* _What this task involves_
Restate word for word only the lines running from the one with "LIVE PLANT Chinese" to the end of the data, both ends included. Omit any pictures.

(Short web captions)
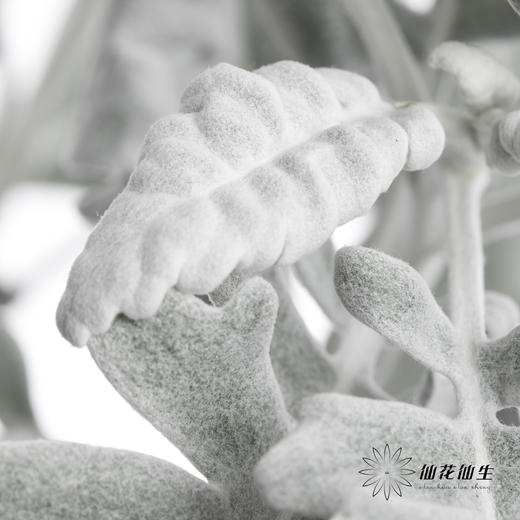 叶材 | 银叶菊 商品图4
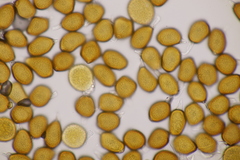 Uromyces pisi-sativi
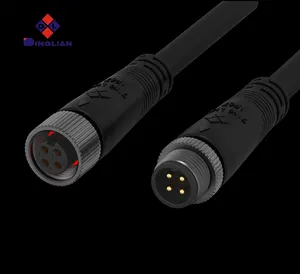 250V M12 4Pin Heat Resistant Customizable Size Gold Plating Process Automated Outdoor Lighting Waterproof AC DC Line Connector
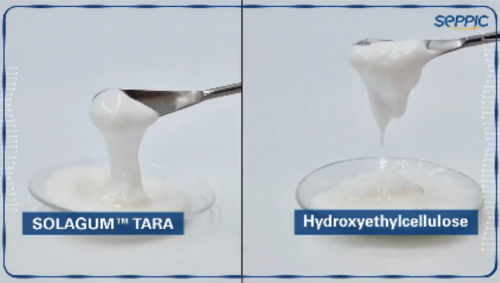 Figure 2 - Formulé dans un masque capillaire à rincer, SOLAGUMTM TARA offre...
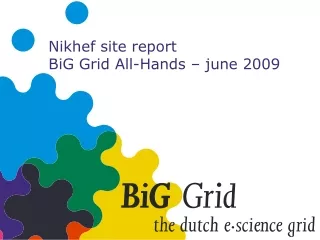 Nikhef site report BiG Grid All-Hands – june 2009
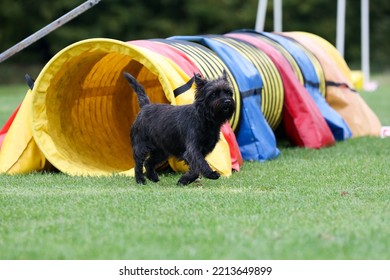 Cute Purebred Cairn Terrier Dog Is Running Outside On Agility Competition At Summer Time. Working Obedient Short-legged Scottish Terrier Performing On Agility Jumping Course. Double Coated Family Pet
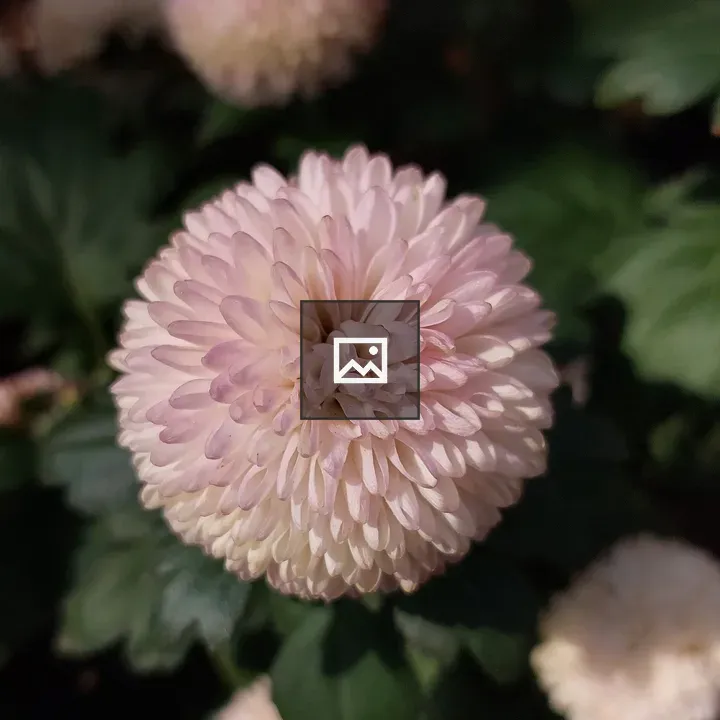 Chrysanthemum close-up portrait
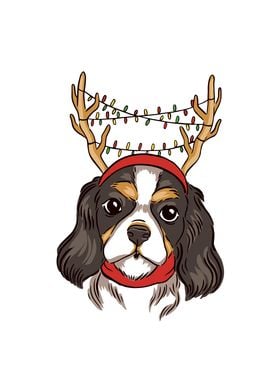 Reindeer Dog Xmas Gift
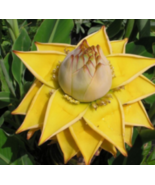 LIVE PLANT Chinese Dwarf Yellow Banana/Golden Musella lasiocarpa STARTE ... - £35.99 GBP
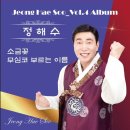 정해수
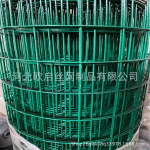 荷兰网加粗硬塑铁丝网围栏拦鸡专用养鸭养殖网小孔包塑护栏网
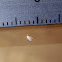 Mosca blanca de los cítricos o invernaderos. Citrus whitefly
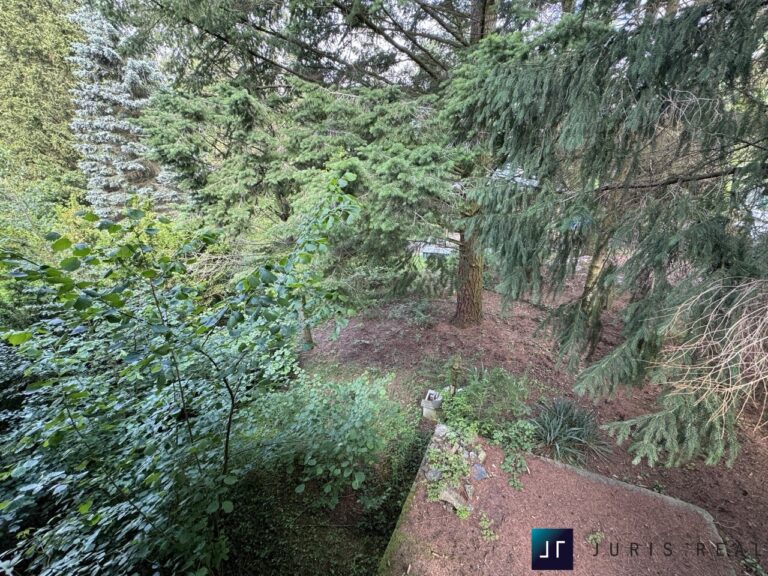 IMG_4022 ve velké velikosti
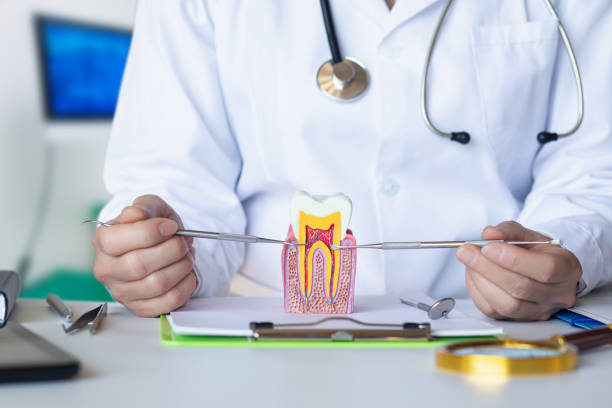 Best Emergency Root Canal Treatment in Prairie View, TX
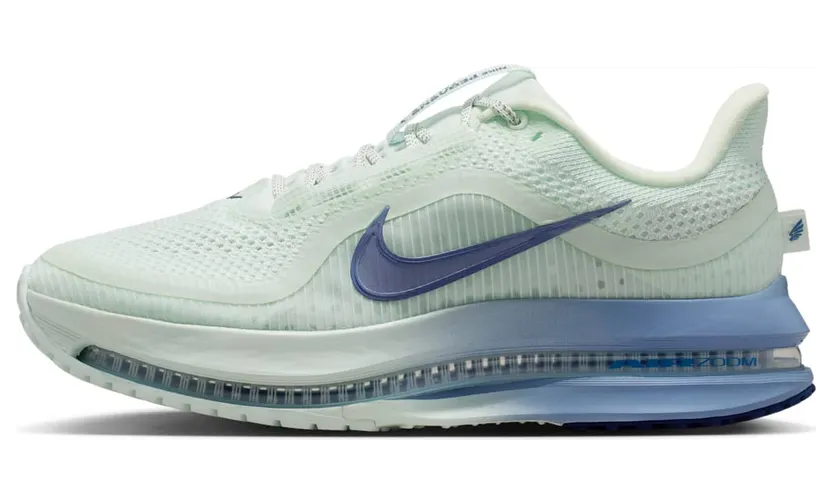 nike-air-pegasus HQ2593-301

* _Result of this exercise_
 LIVE PLANT Chinese Dwarf Yellow Banana/Golden Musella lasiocarpa STARTE ... - £35.99 GBP
 정해수
 荷兰网加粗硬塑铁丝网围栏拦鸡专用养鸭养殖网小孔包塑护栏网
 Mosca blanca de los cítricos o invernaderos. Citrus whitefly
 IMG_4022 ve velké velikosti
 Best Emergency Root Canal Treatment in Prairie View, TX
 nike-air-pegasus HQ2593-301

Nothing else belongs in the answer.